Exercise
Using the material below, repeat exactly the lines from the one with "startech.com adaptador conversor" through the one with "Custodia nera per", ends included, without any images.

Source data
────

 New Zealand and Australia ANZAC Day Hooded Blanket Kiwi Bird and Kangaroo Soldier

────

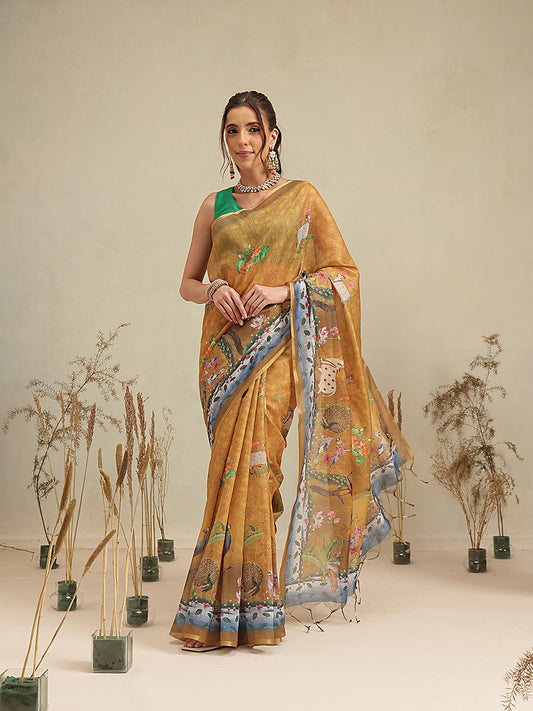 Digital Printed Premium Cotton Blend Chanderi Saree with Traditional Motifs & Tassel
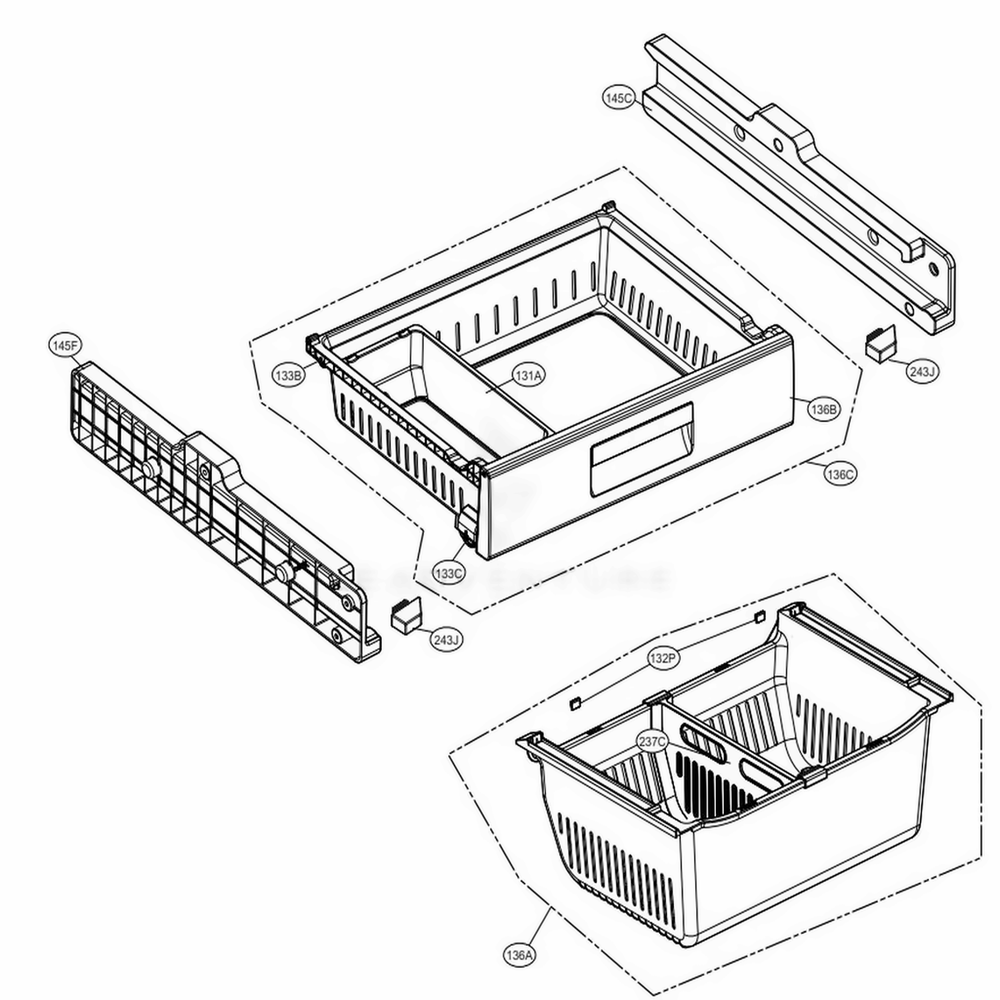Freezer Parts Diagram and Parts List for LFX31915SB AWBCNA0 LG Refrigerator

────

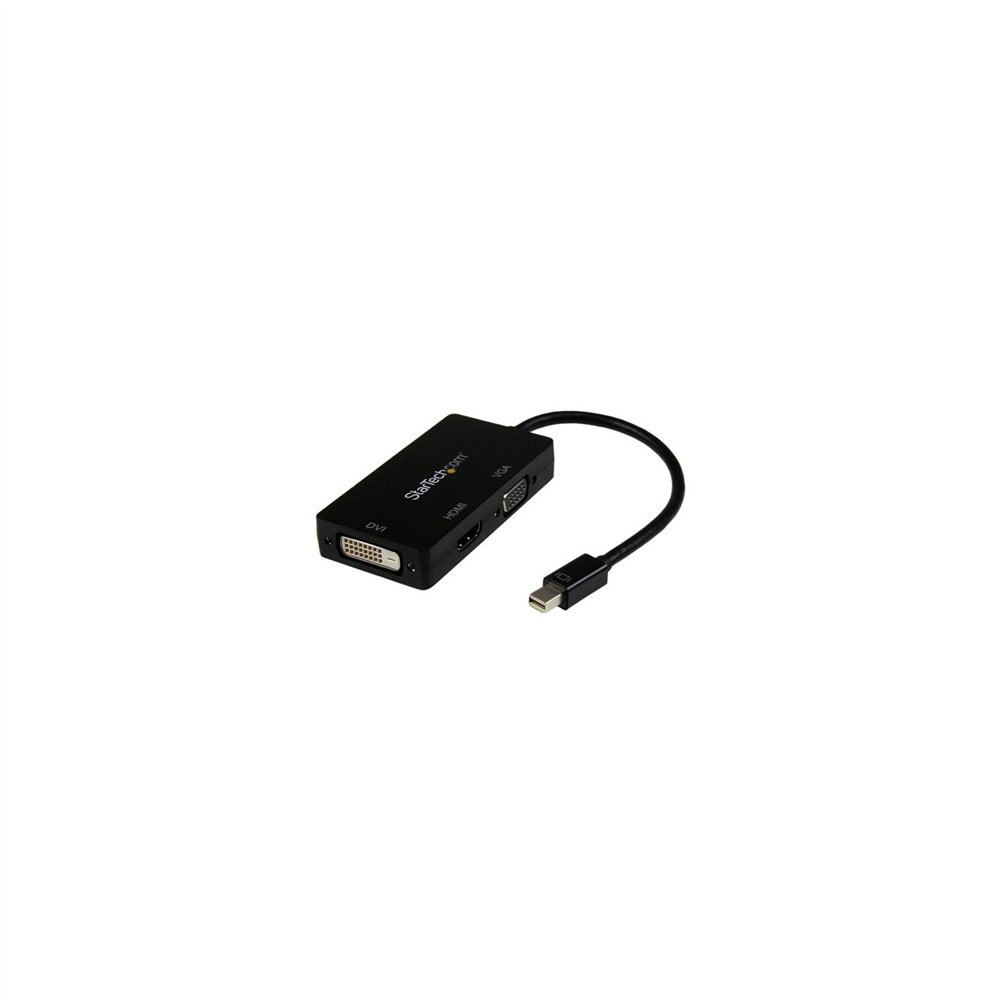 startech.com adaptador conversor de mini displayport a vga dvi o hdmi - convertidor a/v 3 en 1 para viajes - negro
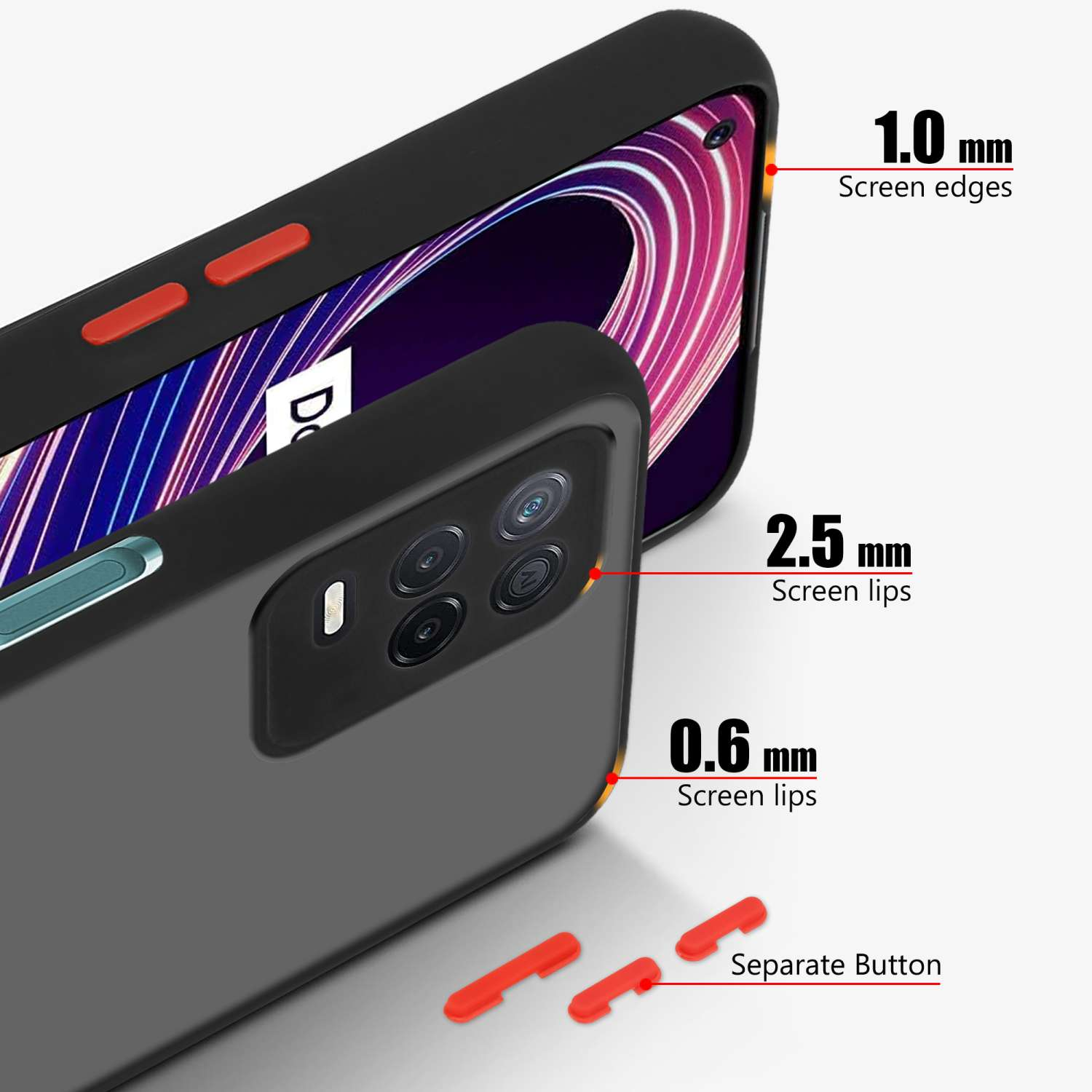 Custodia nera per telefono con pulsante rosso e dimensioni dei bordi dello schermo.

────

Written response
 startech.com adaptador conversor de mini displayport a vga dvi o hdmi - convertidor a/v 3 en 1 para viajes - negro
 Custodia nera per telefono con pulsante rosso e dimensioni dei bordi dello schermo.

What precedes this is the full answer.